# Enable File Inventory

### Overview

Keeper Endpoint Privilege Manager (EPM) can collect a detailed inventory of executable files installed across the endpoints in a machine collection. This inventory gives administrators the data they need to write precise, targeted policies — for example, blocking a specific outdated version of PowerShell while allowing a newer, approved version.

{% hint style="info" icon="comment-question" %}
**Why collect file inventory?** Policies in EPM are most powerful when they target specific file paths, versions, and hashes rather than broad wildcards. File inventory is the mechanism that surfaces those specifics. Without it, you are writing policies against what you *assume* is installed; with it, you are writing policies against what is *actually* installed.
{% endhint %}

### **Uninstall on macOS**

To uninstall the Keeper agent from macOS, run the uninstall script that is included with the install script that is downloaded with the deployment package.

### How File Inventory Works

When file inventory is enabled on an endpoint, the agent scans the file system and catalogs executable files — capturing paths, metadata, and version information. That data is then uploaded to Keeper and populates the **Applications collection**, which is available in the policy builder.

The Applications collection comes pre-populated with wildcards and common path variables (e.g., {system32}, {programFiles}). File inventory enriches this collection with the real, resolved data from your actual endpoints.

{% hint style="info" icon="lightbulb-exclamation-on" %}
**Important:** If you need to create a policy targeting a specific version of an application, that version must be installed on at least one machine included in your file inventory scope before it will appear in the Applications collection.
{% endhint %}

### Why File Inventory Is Disabled by Default

File inventory is **disabled by default** for two reasons:

1. **Path variance.** File paths differ from machine to machine. EPM's policy engine is designed to use path variables and wildcards rather than hardcoded paths, so that policies work across a fleet. Enabling full file inventory before your baseline build images and variable mappings are defined can flood the system with paths that are not policy-ready.
2. **Resource cost.** A full file system scan is a resource-intensive operation. Running it on every endpoint by default — especially in large environments — would create unnecessary load. Administrators should enable it selectively and intentionally.

### Enabling File Inventory

File inventory is controlled by the keeperInventoryFull plugin setting. To enable it, you must apply a SettingsUpdate policy that sets enabled to true in that plugin's configuration.

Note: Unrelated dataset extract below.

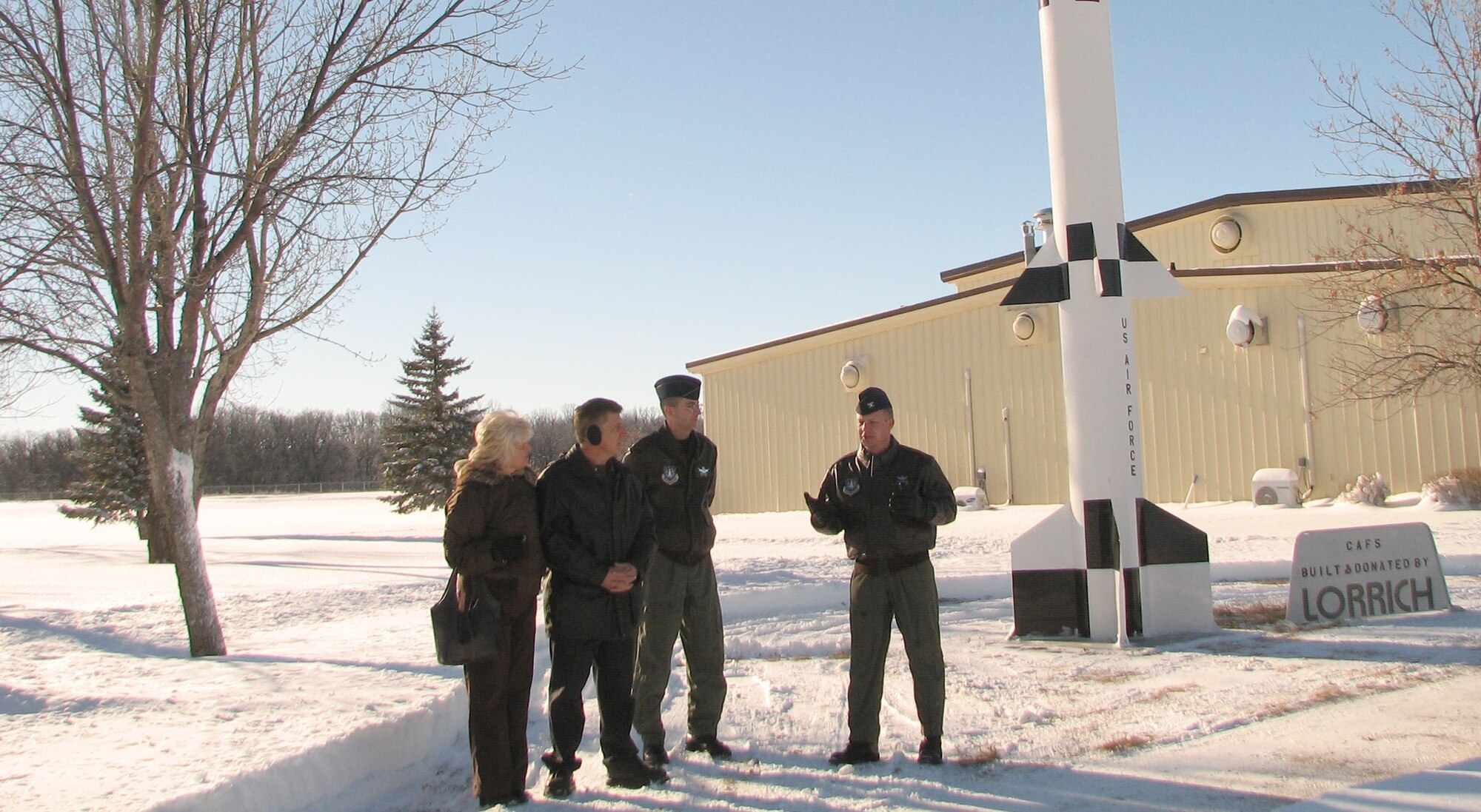Col. Chris Crawford, 21st Operations Group commander (right), addresses Lt. Col. Keith Balts and others during a Spartan missile dedication at Cavalier AFS, N.D. The missile, one of America’s earliest forms of missile defense, was donated to the air force station by local company Lorrich Industries. Colonel Balts is the 10th Space Warning Squadron commander there. (U.S. Air Force photo/Capt. Michael Stayrook)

#### Step 1 — Create a SettingsUpdate Policy

Use the following JSON as your starting point. Copy it into a new SettingsUpdate policy in the Keeper dashboard, then change "enabled": false to "enabled": true.

```json
{
  "id": "KeeperFullInventory",
  "name": "Full File Inventory Job",
  "description": "Collects full file system inventory with incremental storage and diff generation.",
  "version": "1.1.0",
  "pluginType": "Executable",
  "supportedPlatforms": ["Windows", "Linux", "macOS"],
  "dependencies": [],
  "requiredPermissions": ["MQTTSubscribe", "MQTTPublish"],
  "debugExecutablePath": "../../../../../Jobs/InventoryFull/bin/Debug/net8.0/KeeperInventoryFull.exe",
  "executablePath": "../Jobs/bin/InventoryFull/KeeperInventoryFull.exe",
  "Subscription": {
    "Topic": "KeeperFullInventory",
    "Qos": 2,
    "CleanSession": true
  },
  "metadata": {
    "category": "Inventory",
    "mqttRole": ["subscriber", "publisher"],
    "mqttTopics": {
      "publish": ["KeeperApi", "KeeperLogger"],
      "subscribe": ["KeeperFullInventory"]
    }
  },
  "enabled": true,
  "startupPriority": 0,
  "autoStart": false,
  "executionContext": "Service",
  "requiresMonitoring": false,
  "modifiedAt": "2026-01-29T23:22:04Z"
}
```

{% hint style="info" icon="pencil-line" %}
**Note:** The modifiedAt timestamp does not need to be updated — it is used internally for version tracking and does not affect policy evaluation.
{% endhint %}

#### Step 2 — Assign the Policy to a Collection

Assign the policy to the machine collection(s) where you want inventory collected. Once the policy syncs to those endpoints, the agent will begin collecting file inventory data according to the schedule defined in file-inventory.json (see below).

### The File Inventory Job (file-inventory.json)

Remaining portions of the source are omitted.